Rotator cuff tears are most prevalent in the over 40 population. The repair progression is dependent on a number of factors including the patient’s age, tissue quality, size of the tear, acute vs chronic condition, strength and ROM status pre-op, ATS vs open repair procedure, and performance/activity demands. If the patient is healthy and active, a more aggressive rehab approach can be taken. On the other hand, if the patient is sedentary, disuse of the RC decreases tendon fiber strength. Because of the poor tissue status, regardless of the size of the tear and subsequent repair, a more conservative approach must be taken. An open repair is more painful for the patient and has higher chance of infection and morbidity but it is also more stable; therefore, rehab can be advanced more aggressively than if the repair was done arthroscopically.
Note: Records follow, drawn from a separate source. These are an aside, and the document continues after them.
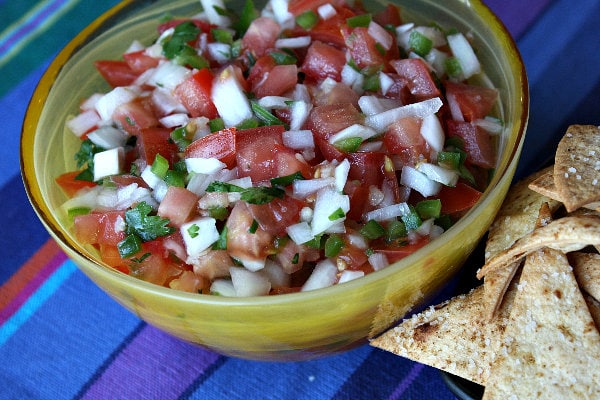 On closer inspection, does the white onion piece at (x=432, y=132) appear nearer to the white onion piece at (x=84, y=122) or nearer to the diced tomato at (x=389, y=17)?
the diced tomato at (x=389, y=17)


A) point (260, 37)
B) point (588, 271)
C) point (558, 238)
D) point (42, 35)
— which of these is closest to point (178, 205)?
point (260, 37)

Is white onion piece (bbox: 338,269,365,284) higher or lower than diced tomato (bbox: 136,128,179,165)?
lower

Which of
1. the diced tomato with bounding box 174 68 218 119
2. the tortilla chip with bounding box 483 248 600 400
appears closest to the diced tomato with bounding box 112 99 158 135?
the diced tomato with bounding box 174 68 218 119

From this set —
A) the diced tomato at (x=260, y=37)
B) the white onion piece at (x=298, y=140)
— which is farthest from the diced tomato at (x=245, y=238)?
the diced tomato at (x=260, y=37)

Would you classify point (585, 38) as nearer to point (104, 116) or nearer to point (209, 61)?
point (209, 61)

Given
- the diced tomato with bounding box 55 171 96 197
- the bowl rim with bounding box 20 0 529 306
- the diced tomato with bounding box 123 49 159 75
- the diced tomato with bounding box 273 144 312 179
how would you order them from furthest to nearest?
Answer: the diced tomato with bounding box 123 49 159 75, the diced tomato with bounding box 55 171 96 197, the diced tomato with bounding box 273 144 312 179, the bowl rim with bounding box 20 0 529 306

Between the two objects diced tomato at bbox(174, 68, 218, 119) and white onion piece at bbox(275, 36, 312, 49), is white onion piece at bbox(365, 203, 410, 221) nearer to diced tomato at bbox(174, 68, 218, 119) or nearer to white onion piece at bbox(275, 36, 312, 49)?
diced tomato at bbox(174, 68, 218, 119)

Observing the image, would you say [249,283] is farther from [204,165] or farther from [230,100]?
[230,100]

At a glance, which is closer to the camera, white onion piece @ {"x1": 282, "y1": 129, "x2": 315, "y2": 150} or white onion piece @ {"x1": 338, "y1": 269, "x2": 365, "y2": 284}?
white onion piece @ {"x1": 338, "y1": 269, "x2": 365, "y2": 284}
The key following RCR is communication with the physician. It is imperative that the therapist knows the size and extent of the tear, what was done in surgery, as well as any concerns or precautions the physician may voice regarding the patient.
Rehab following RC repair must focus not only on regaining N ROM but also on regaining neuromuscular control and strength of the RC. It is imperative that coordinated firing of the RC occur and this timing of recruitment must be re-trained post-operatively. Rhythmic stabilization exercises are mandatory to achieve this goal. In regards to AROM, ER/IR strength must be regained below shoulder level before one should be expected to perform OH activities without discomfort.
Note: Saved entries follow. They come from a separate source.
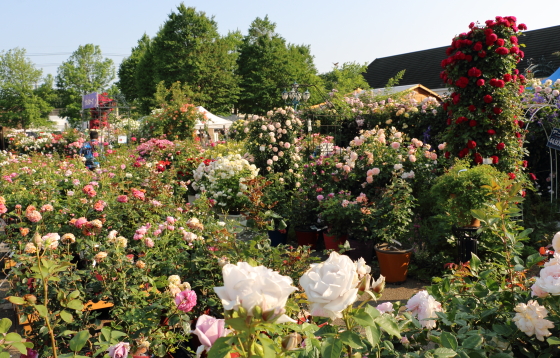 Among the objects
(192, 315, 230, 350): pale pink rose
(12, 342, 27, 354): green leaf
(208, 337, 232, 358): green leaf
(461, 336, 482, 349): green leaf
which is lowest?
(12, 342, 27, 354): green leaf

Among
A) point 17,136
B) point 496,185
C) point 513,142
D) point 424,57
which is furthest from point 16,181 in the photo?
point 424,57

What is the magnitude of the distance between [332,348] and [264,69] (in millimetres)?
34099

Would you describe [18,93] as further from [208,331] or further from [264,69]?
[208,331]

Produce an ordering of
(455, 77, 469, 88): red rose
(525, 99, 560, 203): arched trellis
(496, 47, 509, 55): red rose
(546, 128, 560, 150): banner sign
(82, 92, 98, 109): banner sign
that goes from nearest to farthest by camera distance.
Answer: (496, 47, 509, 55): red rose, (455, 77, 469, 88): red rose, (546, 128, 560, 150): banner sign, (525, 99, 560, 203): arched trellis, (82, 92, 98, 109): banner sign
Early ROM is critical for patients post-operatively to increase circulation and promote healing of soft tissues. A CPM machine will sometimes be used at home for this purpose with the shoulder in a position of neutral rotation and elevation in the scapular plane.
Initially, the therapist must closely monitor for any signs of infection. These include significant swelling in the shoulder and surrounding areas with accompanying erythema, hypersensitivity at the joint, pain at rest, and severe limitations in ROM and/or strength.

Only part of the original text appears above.